I would not be where I am without the women in my life. A clichéd little nugget, but a fact nonetheless. All Places would not be the gorgeous and thriving company that it is without the guidance of our incredible advisors. Here is the advice that has helped me most.
Not Everyone Is Your Client. When you are starting a new business the main thing on your mind is making money, and you can’t make money if you don’t have clients. This leads many of us (myself included) into this scarcity mindset of not wanting to close off any avenues of potential revenue. When I was creating the vision for All Places some people told me I was making my client base too limited, that I needed to focus beyond women business owners. Fortunately I got different advice from a number of women, including my business development coach, Karen Kahn, and that advice was liberating. If not everyone is my client then I don’t need to worry about the people who think my branding is “too feminine,” or that my focus on women is unfairly exclusive. If you think that, you’re probably not reading this right now, and you’re probably not my client, and that’s okay.
Make up a Good Story. This came up in a conversation with my friend and mentor, Barbara George, as we were discussing (for the umpteenth time) the self-doubt I experience with my business. I’m not good enough. No one’s going to want to work with me. Who would pick a startup firm over an AmLaw 50 firm? We all tell ourselves so many terrible stories that are filled with lies (like the ones I just listed). So why not provide a counterbalancing story that may also not be 100% true? I’m the best lawyer in the world! Everyone is going to want to be my client! I am brilliant and have a beautiful singing voice! If you ask me, most women could use a few more delusions of grandeur.
You’ll Need that for Your Book. On August 29 of last year, I got a text from my friend, Ndidi Oriji, letting me know that, exactly one year before the two of us had been sitting on the RH rooftop and I told her I was thinking about starting my own firm. How did she know that? Because she keeps a five-year journal. Ridiculous. How can anyone commit to journaling for five years? But the idea, I think, is a great one, because it provides a daily reminder of how much you have accomplished and changed in just a year, or five.

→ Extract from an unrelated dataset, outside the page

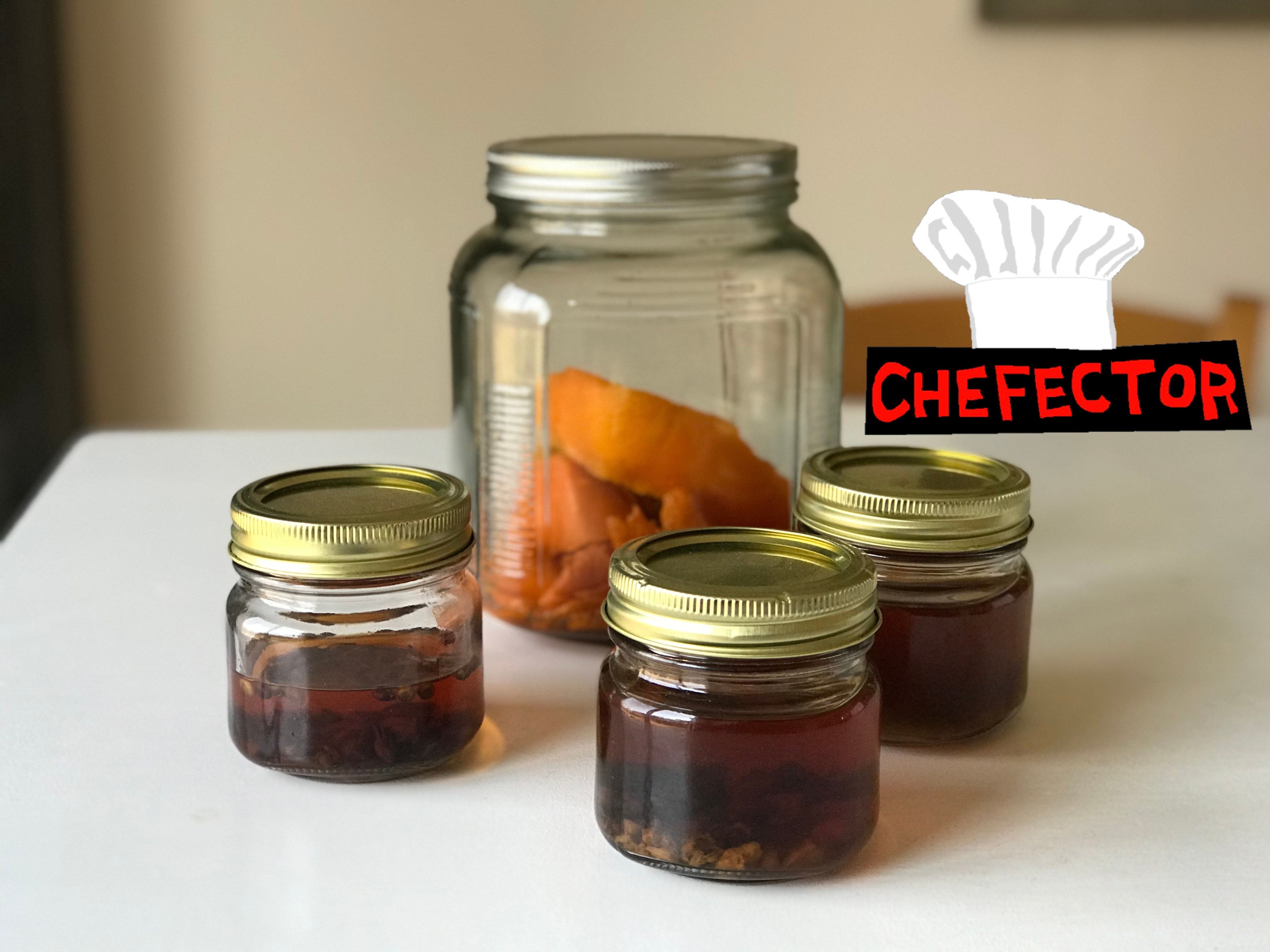 Jars containing the various components of the finished bitters.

Shortly after launching All Places, I received my own monogrammed, five-year journal (thoughtfully selected in All Places’ light blue) with a note that read: "In anticipation of your eventual bestselling book for female entrepreneurs, use this to keep a record.” Hey, why not?

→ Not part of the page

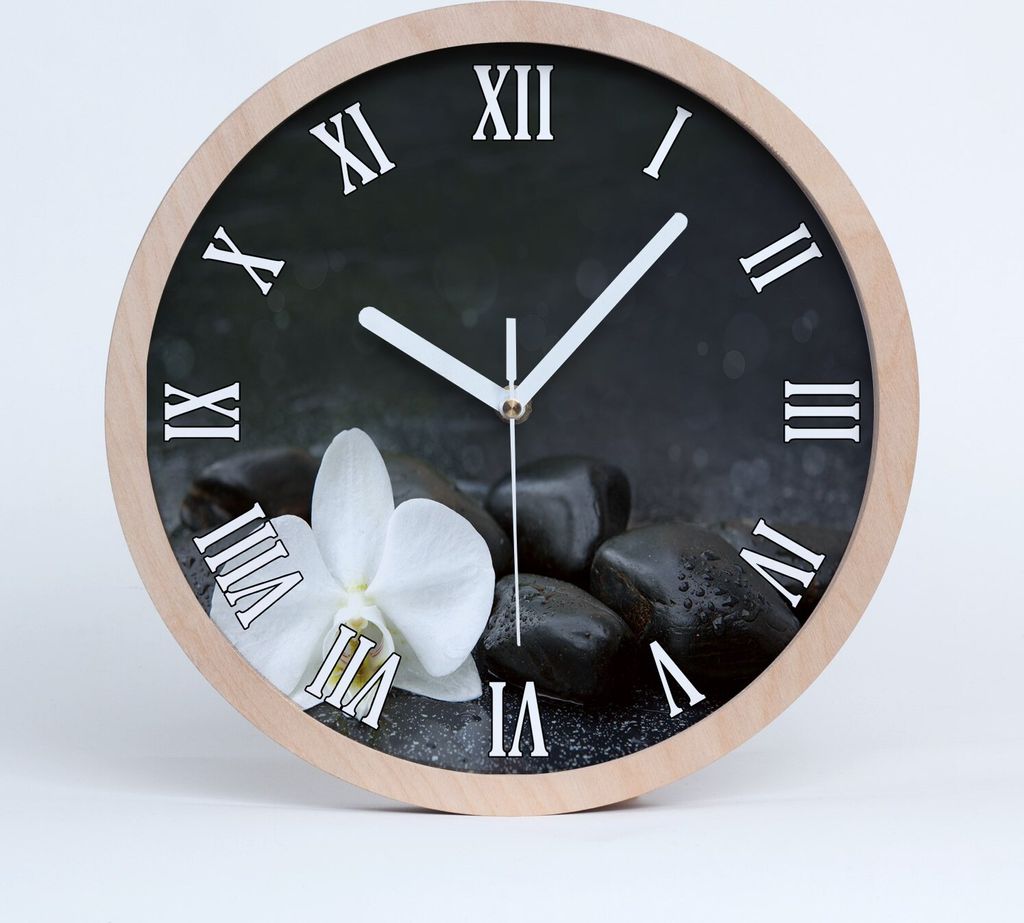 Holzuhr 30fi cm wanduhr - weiße Spitzen - Orchidee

You Can Do It Differently. From this post alone, it’s clear All Places is not like other law firms. It has a weird name that doesn’t include anyone’s last name or LLP, our logo is not in small caps or in navy and grey, our website is pretty and filled with images of women instead of skylines and skyscrapers. When I started working with the brilliant Linda Honan on the branding for All Places, I have to admit that the direction we were going in terrified me. The website mockups looked more like Vogue than Skadden. Would anyone take All Places seriously? But Linda was steadfast in her resolve that All Places could do it differently and she was (as she always is) absolutely right.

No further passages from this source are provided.